Slide 5 of 18
Notes:
Today we are going to focus on the hunt for new sources of change.
What is the strategy? It is something of a field-ground question, a question of contrasts. You can’t be a good futurist without being a bit of a historian (or you could do what I did, and marry one): history provides us with a context for change, patterns of past change, and analogies for current impacts from change. So we begin by taking a mental snapshot of the future: what are current conditions? If we observe some part of our environment -- like, say, hemlines -- changing, can we determine whether that’s an ongoing trend, an entirely new change, or perhaps a cycle that recurs historically? In the case of hemlines, of course, the latter.

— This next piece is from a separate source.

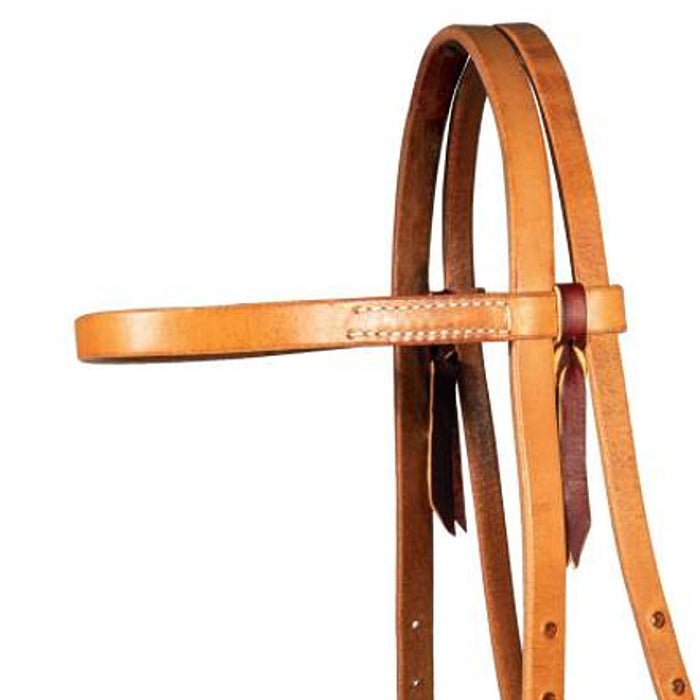 Professionals Choice Daisy Double Buckle Browband Headstall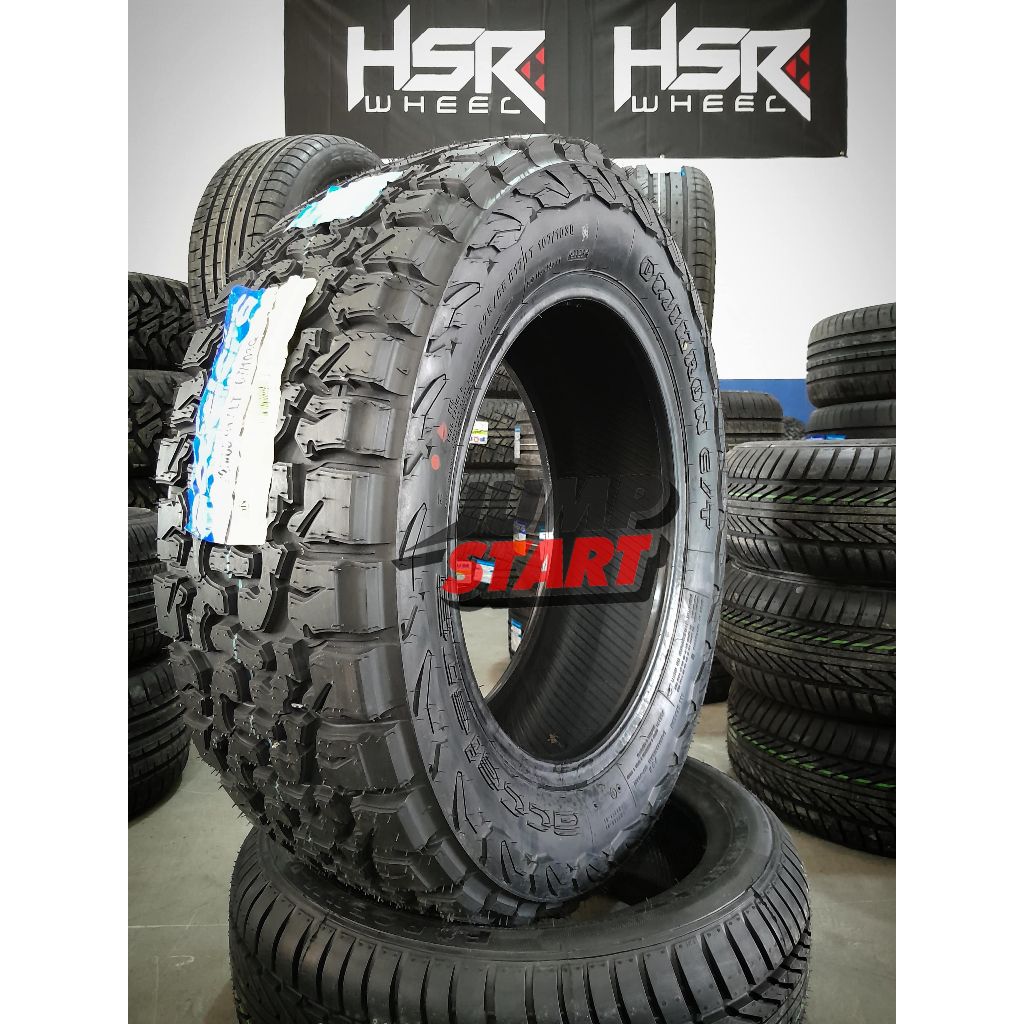 Ban mobil accelera type omikron c/t ban mobil semi offroad tubeles 225/65 R17 ban mobil tubles ban l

Trends are, basically, any change in a measurable variable over time. One of the most obvious, and largest, is the increase in world population. A potentially even larger, but much less obvious -- or even agreed upon -- would be the gradual warming of the Earth’s atmosphere. Another is the continuing decline in the cost of microchips and consequently computers. An emerging issue is a trend with only one or two cases -- a trend only you have noticed! A wild card is a low probability but high impact change -- like a global plague.
A foresight-based approach to strategic planning assigns some planning resources to identifying and monitoring changes. And for each change driver, it asks the question, “what if …what if this continues? what else would change?”